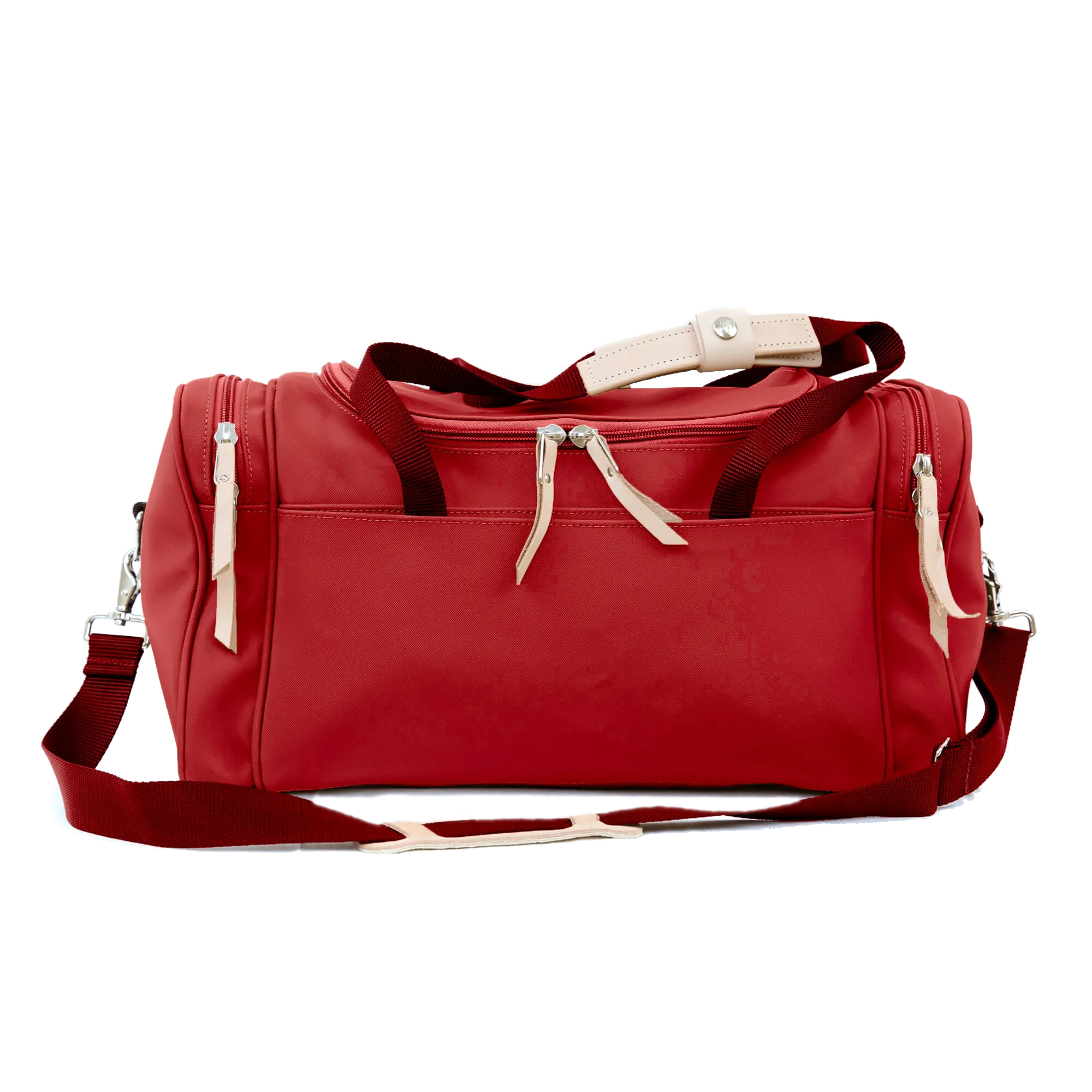 Small Square Duffel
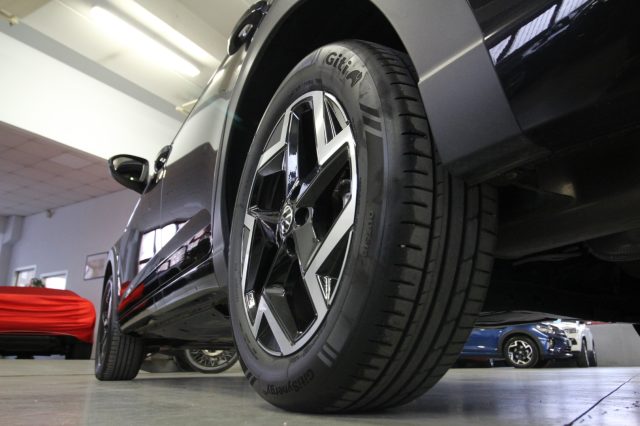 VOLKSWAGEN Taigo usata, con Sedile posteriore sdoppiato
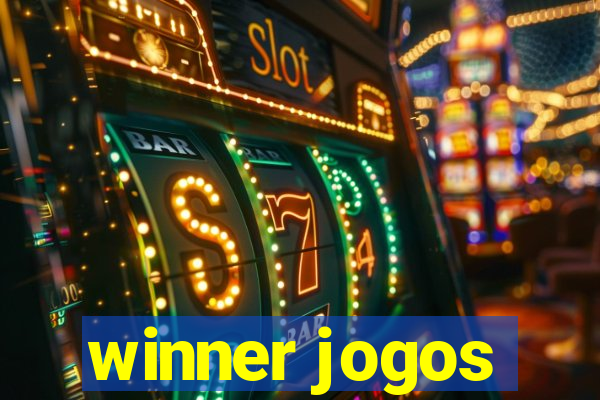 winner jogos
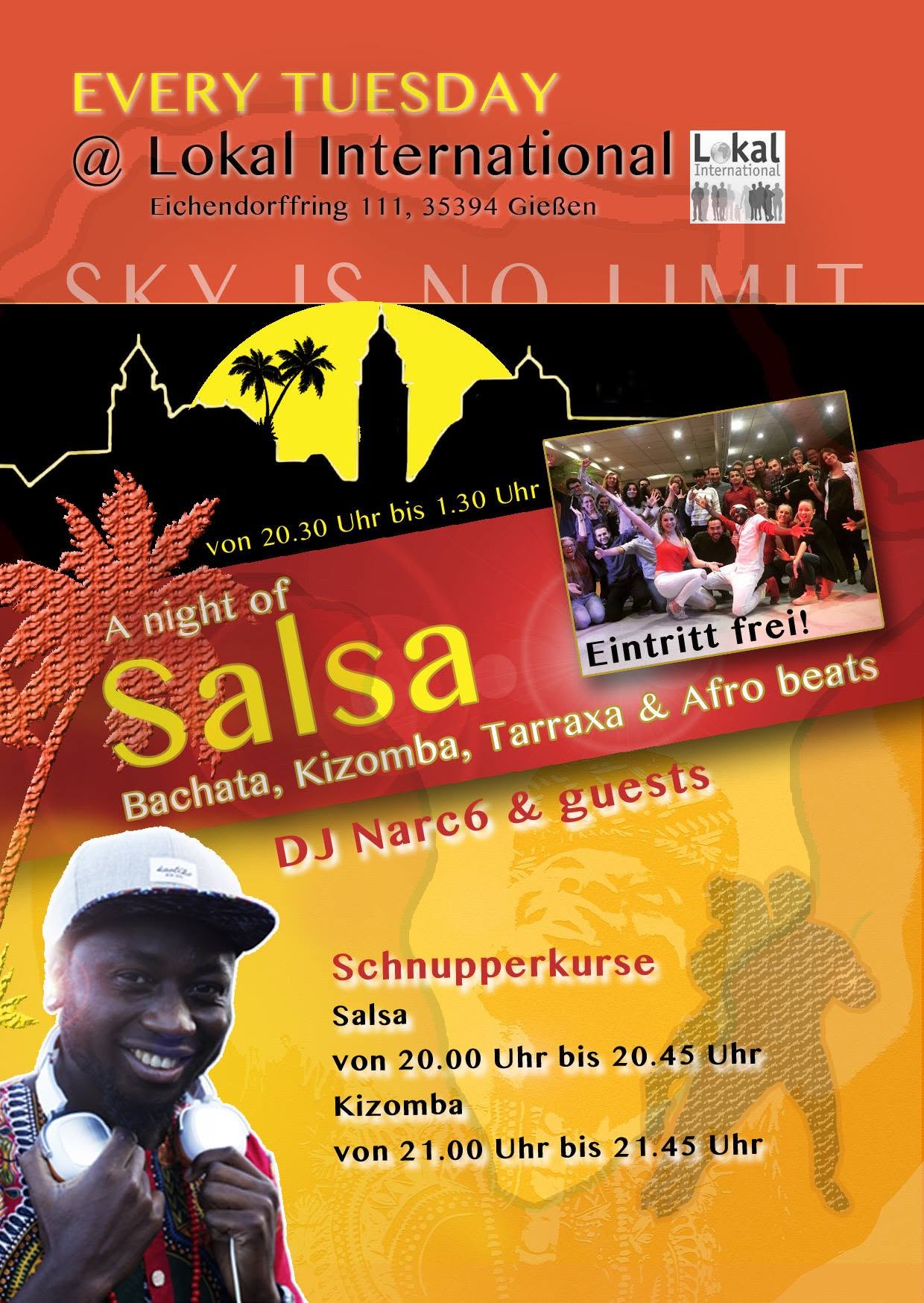 Salsa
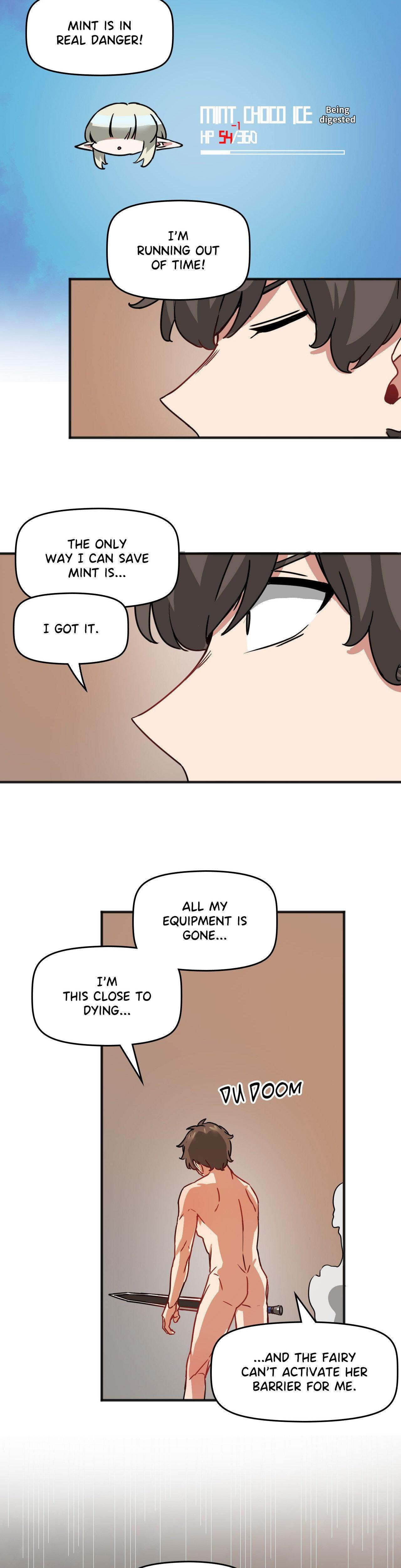 No Man's Land chapter 56 page 25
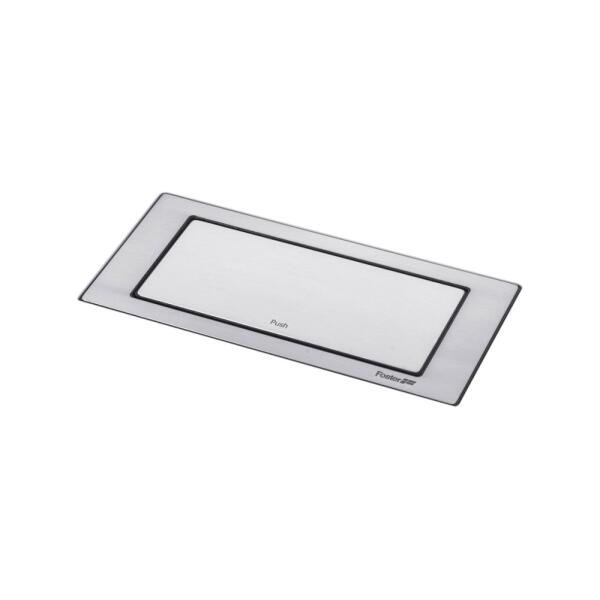 Foster 8000010 Portaprese Reverse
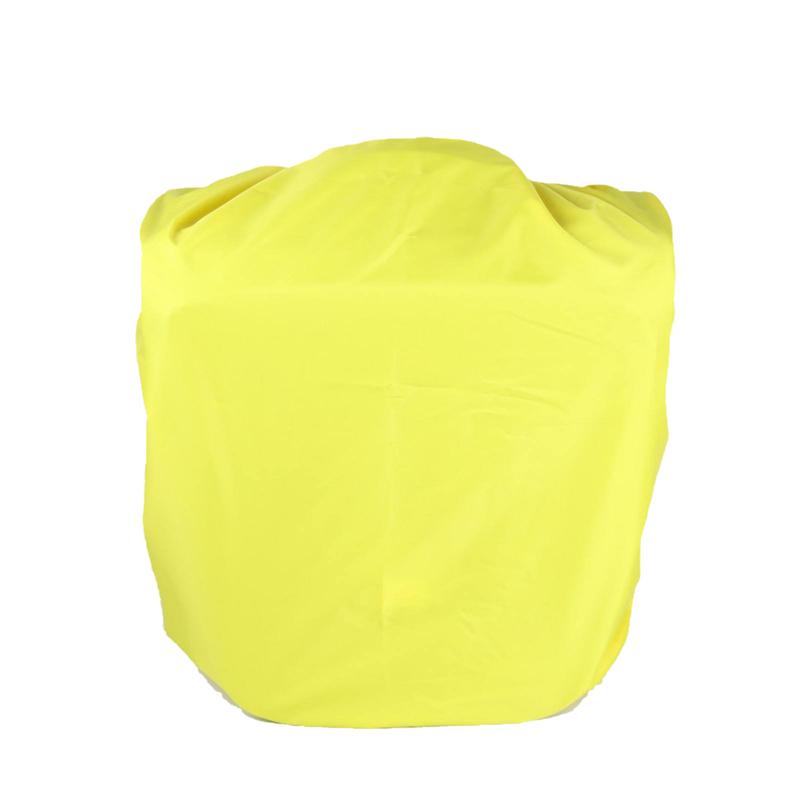 Haberland Regen-Schutzhaube Für Einzeltaschen Und Körbe 4 Haberland Regen-Schutzhaube Für Einzeltaschen Und Körbe – Bild 2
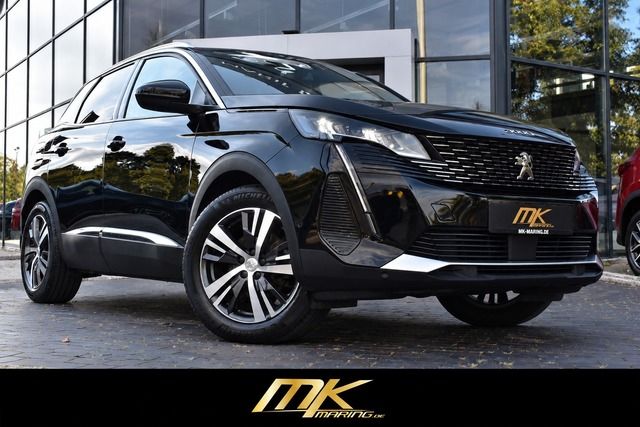 Fahrzeugabbildung Peugeot 3008 1.5 BlueHDi 130 EAT8*ALLURE*LED*NAVI*KLIMA*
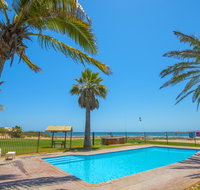 Ningaloo Reef Resort - Newcastle Accommodation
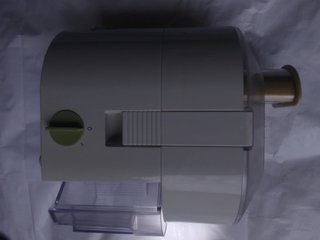 Licuadora Braun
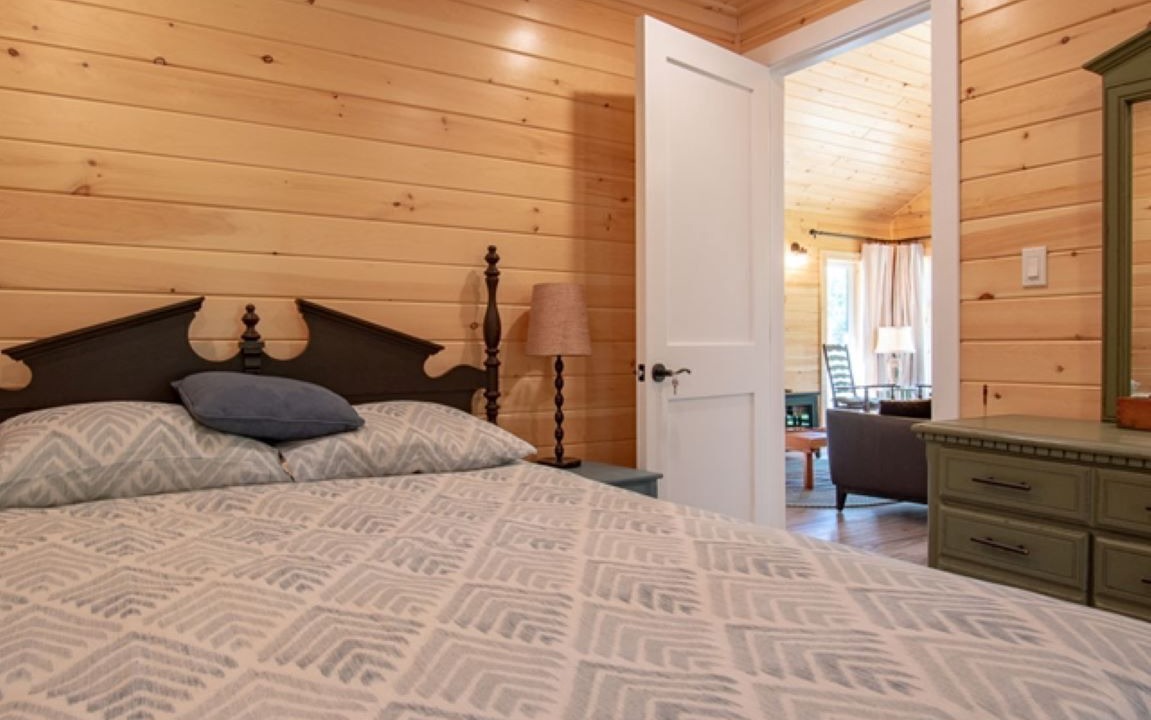 Photo of Bedroom in Bolsover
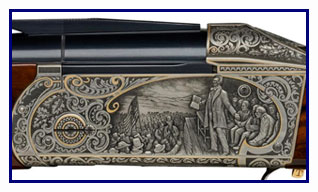 Krieghoff Gun of the Year 2019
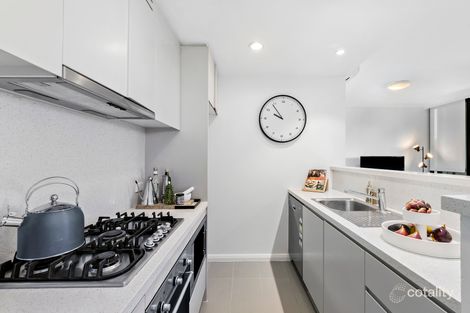 Property photo of 502/47 Hill Road Wentworth Point NSW 2127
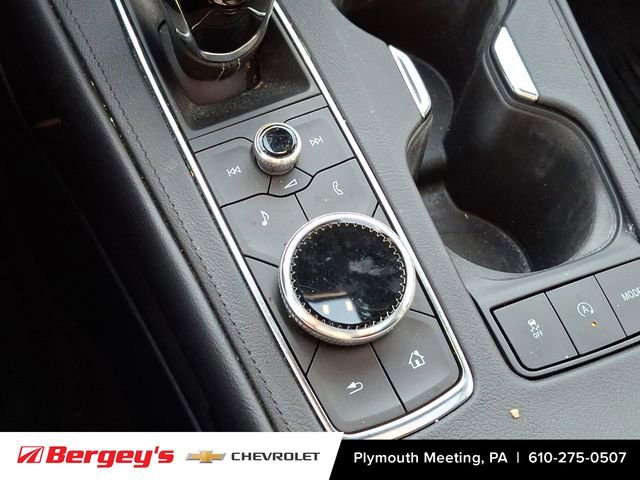 Certified 2023 Cadillac XT4 Sport w/ Cold Weather Package image 18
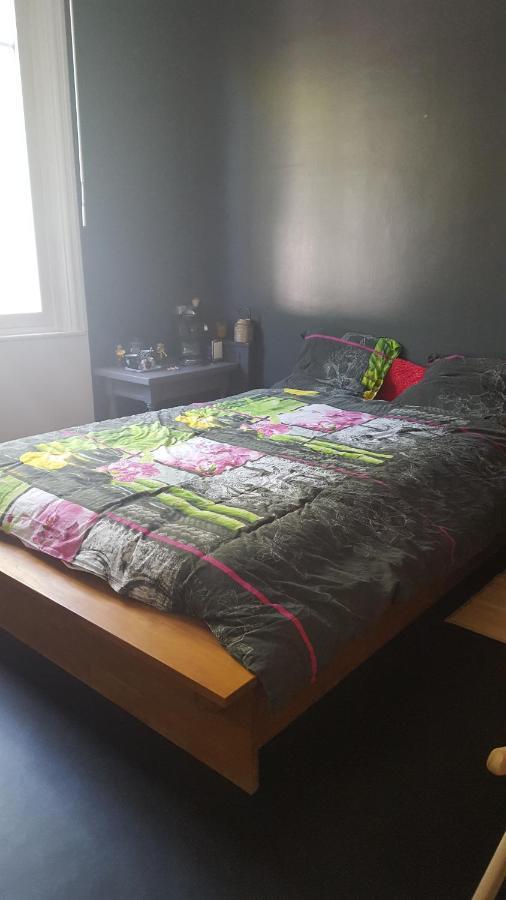 Yaelines Bed & Breakfast Fecamp Ngoại thất bức ảnh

EXERCISE DESCRIPTION → Exactly the lines from the one containing "Ningaloo Reef Resort" to the final line of the entries are wanted; please write them out, both ends included, but not the pictures.

EXERCISE SOLUTION →
 Ningaloo Reef Resort - Newcastle Accommodation
 Licuadora Braun
 Photo of Bedroom in Bolsover
 Krieghoff Gun of the Year 2019
 Property photo of 502/47 Hill Road Wentworth Point NSW 2127
 Certified 2023 Cadillac XT4 Sport w/ Cold Weather Package image 18
 Yaelines Bed & Breakfast Fecamp Ngoại thất bức ảnh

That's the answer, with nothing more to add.